According to a recent article written by Grant Cardone on Entrepeneur.com, there are many new businesses that stay in the ‘startup‘ phase for too long which prevents them from growing. If this sounds like your business, below are five steps that will help you grow to the next level.

1. Choose your battles

To quote Cardone: “When you are hunting big game, don’t swat mosquitos.” Don’t get distracted by smaller issues that can be left till later, but focus on the overarching business objectives – gaining customers and making money.

2. Get your business known

The biggest problem facing all startups is getting their business known, Cardone recognises. You need to be doing everything you can to get attention, which means focusing on the marketing of your business and extending your reach as far as possible. Be brave with your marketing tactics – as Cardone puts it, “Get attention. Get critics. Then get admiration.”
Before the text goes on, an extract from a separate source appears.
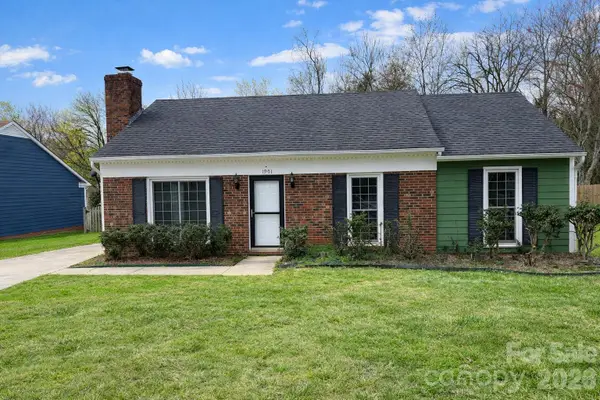 1901 Burgandy Drive, Charlotte, NC 28262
3. Develop a sense of urgency

Urgency is key to getting things done, Cardone says. If you have no deadlines or timelines for your business then you’ve got nothing to aim for. On the contrary, if you know you have to get something done by a certain time, you’ll work with urgency and do all you can to reach your goal, which increases productivity. Win a lot of races, Cardone says, and you’ll provide your people and company with momentum.

4. Alter your pitch

Think of how you pitch your company – “I’m a small graphic design company” will make you seem inferior and insignificant; “I am an innovative graphic design company like no other” makes you seem confident and unique. Know how to pitch your business and be prepared to answer questions – what can you do better, faster, and of more value than your competitors?

5. Employ

When you’re in the startup phase you’ll be taking on a number of different roles and doing most of the work yourself. It’s now time for you to start employing people so that you can focus on growing the business. And don’t have the mind-set of “employees cost money” – a lack of production and failure to grow your business costs much more, Cardone says.